* **About this exercise**: Where the material below has a line containing "Taillight Tomos 2L", start repeating exactly, and keep going through the line containing "Soft Cotton Dámsky krátky župan MARINE LADY", with no other lines.

* **Records for this exercise**:
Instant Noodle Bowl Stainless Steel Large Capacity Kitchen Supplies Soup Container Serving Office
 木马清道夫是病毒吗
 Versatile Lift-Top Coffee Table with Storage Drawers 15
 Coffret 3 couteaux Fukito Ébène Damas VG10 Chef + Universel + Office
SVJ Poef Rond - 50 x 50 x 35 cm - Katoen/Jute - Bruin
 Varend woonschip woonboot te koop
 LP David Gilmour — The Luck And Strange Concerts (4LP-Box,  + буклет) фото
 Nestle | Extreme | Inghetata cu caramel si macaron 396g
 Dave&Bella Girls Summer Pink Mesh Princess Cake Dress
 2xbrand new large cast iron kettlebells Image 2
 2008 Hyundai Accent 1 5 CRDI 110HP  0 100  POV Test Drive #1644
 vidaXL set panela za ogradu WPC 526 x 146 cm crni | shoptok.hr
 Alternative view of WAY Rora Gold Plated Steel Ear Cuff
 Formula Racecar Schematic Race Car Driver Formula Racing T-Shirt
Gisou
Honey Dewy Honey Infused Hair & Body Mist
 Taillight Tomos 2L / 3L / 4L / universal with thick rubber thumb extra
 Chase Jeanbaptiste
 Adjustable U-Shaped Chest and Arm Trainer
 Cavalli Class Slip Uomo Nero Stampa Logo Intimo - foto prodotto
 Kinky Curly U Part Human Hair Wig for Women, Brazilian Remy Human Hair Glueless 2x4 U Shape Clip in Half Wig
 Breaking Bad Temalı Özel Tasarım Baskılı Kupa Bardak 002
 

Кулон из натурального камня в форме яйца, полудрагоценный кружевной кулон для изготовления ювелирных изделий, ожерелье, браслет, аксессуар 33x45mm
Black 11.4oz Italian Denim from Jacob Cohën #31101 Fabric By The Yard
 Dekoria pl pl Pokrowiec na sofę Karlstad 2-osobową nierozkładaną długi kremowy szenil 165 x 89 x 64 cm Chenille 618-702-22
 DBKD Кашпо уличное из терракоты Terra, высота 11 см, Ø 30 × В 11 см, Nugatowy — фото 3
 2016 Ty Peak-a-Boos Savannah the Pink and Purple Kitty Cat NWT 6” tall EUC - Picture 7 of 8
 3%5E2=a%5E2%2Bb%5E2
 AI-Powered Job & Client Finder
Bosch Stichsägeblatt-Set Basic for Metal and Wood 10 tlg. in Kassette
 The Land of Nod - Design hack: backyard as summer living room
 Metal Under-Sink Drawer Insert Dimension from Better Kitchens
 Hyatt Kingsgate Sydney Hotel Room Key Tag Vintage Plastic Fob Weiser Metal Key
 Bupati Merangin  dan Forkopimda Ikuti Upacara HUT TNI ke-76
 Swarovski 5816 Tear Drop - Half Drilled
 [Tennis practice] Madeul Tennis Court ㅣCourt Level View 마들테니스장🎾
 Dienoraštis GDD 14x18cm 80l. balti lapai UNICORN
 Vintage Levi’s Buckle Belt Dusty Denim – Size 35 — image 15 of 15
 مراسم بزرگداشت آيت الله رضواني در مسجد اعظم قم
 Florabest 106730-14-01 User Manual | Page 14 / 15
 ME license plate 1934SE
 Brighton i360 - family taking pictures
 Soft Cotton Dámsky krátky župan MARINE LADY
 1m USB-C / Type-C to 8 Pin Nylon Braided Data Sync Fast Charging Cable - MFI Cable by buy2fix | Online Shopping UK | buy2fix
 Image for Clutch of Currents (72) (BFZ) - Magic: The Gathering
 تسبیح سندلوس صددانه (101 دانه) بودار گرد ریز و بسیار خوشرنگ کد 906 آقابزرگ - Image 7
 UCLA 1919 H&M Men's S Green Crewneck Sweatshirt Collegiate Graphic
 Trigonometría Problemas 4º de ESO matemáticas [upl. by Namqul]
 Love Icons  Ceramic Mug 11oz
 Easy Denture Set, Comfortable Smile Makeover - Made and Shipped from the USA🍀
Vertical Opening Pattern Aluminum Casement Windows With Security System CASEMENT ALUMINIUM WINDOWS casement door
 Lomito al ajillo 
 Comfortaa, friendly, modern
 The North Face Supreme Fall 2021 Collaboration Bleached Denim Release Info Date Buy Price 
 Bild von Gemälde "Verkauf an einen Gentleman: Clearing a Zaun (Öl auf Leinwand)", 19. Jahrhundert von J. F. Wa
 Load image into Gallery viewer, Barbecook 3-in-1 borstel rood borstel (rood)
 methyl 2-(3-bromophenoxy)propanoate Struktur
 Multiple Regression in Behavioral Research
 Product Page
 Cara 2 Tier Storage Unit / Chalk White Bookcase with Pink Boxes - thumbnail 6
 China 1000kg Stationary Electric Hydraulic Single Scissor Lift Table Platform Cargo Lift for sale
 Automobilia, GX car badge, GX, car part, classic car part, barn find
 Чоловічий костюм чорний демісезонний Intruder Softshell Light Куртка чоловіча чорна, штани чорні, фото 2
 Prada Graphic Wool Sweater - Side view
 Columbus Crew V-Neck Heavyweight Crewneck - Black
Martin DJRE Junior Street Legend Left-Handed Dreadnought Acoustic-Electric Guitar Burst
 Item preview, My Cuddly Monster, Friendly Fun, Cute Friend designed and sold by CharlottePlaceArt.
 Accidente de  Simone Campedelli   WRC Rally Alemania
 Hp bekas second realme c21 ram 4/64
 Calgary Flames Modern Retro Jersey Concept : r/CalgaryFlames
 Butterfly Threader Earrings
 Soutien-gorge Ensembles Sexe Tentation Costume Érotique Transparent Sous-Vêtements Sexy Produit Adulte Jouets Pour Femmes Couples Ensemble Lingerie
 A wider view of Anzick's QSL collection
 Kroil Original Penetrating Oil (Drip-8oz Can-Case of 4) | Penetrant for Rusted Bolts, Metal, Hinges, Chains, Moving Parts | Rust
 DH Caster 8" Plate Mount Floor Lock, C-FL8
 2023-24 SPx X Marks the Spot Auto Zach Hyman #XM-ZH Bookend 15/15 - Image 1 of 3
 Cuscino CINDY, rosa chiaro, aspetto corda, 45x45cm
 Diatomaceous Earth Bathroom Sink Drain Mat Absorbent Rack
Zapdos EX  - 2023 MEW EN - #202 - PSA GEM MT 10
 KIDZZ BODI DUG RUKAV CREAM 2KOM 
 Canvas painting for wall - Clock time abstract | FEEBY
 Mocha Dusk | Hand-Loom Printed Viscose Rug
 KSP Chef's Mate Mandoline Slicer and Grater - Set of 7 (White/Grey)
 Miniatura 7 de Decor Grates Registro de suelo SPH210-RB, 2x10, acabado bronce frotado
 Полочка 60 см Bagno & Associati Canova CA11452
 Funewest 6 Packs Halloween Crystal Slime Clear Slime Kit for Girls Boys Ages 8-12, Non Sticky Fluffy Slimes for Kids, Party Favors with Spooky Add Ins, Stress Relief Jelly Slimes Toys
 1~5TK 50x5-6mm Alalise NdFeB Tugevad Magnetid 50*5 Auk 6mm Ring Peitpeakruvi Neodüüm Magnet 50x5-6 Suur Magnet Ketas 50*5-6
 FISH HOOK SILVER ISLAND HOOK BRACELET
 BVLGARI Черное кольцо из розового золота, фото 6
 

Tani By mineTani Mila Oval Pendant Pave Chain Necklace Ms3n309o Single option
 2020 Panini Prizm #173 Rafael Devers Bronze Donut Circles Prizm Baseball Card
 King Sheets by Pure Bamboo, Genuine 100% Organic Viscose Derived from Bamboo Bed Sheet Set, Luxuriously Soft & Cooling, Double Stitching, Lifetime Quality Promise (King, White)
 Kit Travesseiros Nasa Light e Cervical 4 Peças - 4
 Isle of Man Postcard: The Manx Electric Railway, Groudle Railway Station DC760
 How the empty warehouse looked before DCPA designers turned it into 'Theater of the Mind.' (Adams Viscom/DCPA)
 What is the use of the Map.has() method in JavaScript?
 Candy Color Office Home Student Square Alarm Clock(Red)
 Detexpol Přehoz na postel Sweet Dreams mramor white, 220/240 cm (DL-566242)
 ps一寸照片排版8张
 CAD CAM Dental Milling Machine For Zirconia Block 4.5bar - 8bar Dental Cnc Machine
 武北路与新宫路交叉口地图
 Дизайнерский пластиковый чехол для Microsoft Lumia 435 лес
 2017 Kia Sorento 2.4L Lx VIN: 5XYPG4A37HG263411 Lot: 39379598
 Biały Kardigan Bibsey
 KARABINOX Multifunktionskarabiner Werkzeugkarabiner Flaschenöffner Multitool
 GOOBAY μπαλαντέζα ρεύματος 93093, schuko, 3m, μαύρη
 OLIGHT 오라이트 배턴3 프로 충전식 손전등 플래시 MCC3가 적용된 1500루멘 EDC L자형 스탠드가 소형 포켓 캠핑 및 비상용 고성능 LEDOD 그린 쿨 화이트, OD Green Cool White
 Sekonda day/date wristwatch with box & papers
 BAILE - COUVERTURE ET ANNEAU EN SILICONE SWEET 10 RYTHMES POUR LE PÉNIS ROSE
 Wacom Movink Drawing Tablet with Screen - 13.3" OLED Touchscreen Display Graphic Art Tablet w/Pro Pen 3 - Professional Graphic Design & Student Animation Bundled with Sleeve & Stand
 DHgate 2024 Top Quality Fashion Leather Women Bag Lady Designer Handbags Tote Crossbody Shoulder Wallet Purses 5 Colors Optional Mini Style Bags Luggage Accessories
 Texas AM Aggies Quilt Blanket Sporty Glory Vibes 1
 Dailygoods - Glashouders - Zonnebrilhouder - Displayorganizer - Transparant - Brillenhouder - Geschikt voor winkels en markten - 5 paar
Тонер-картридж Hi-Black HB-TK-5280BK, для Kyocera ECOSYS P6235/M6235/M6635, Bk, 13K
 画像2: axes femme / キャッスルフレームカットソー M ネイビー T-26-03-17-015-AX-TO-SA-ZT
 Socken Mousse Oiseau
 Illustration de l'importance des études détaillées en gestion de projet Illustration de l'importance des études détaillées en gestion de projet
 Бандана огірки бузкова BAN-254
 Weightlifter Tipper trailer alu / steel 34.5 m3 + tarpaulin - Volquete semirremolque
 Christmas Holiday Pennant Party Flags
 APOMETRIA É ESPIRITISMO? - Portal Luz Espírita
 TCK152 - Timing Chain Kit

* **Exercise solution**:
 Taillight Tomos 2L / 3L / 4L / universal with thick rubber thumb extra
 Chase Jeanbaptiste
 Adjustable U-Shaped Chest and Arm Trainer
 Cavalli Class Slip Uomo Nero Stampa Logo Intimo - foto prodotto
 Kinky Curly U Part Human Hair Wig for Women, Brazilian Remy Human Hair Glueless 2x4 U Shape Clip in Half Wig
 Breaking Bad Temalı Özel Tasarım Baskılı Kupa Bardak 002
 

Кулон из натурального камня в форме яйца, полудрагоценный кружевной кулон для изготовления ювелирных изделий, ожерелье, браслет, аксессуар 33x45mm
Black 11.4oz Italian Denim from Jacob Cohën #31101 Fabric By The Yard
 Dekoria pl pl Pokrowiec na sofę Karlstad 2-osobową nierozkładaną długi kremowy szenil 165 x 89 x 64 cm Chenille 618-702-22
 DBKD Кашпо уличное из терракоты Terra, высота 11 см, Ø 30 × В 11 см, Nugatowy — фото 3
 2016 Ty Peak-a-Boos Savannah the Pink and Purple Kitty Cat NWT 6” tall EUC - Picture 7 of 8
 3%5E2=a%5E2%2Bb%5E2
 AI-Powered Job & Client Finder
Bosch Stichsägeblatt-Set Basic for Metal and Wood 10 tlg. in Kassette
 The Land of Nod - Design hack: backyard as summer living room
 Metal Under-Sink Drawer Insert Dimension from Better Kitchens
 Hyatt Kingsgate Sydney Hotel Room Key Tag Vintage Plastic Fob Weiser Metal Key
 Bupati Merangin  dan Forkopimda Ikuti Upacara HUT TNI ke-76
 Swarovski 5816 Tear Drop - Half Drilled
 [Tennis practice] Madeul Tennis Court ㅣCourt Level View 마들테니스장🎾
 Dienoraštis GDD 14x18cm 80l. balti lapai UNICORN
 Vintage Levi’s Buckle Belt Dusty Denim – Size 35 — image 15 of 15
 مراسم بزرگداشت آيت الله رضواني در مسجد اعظم قم
 Florabest 106730-14-01 User Manual | Page 14 / 15
 ME license plate 1934SE
 Brighton i360 - family taking pictures
 Soft Cotton Dámsky krátky župan MARINE LADY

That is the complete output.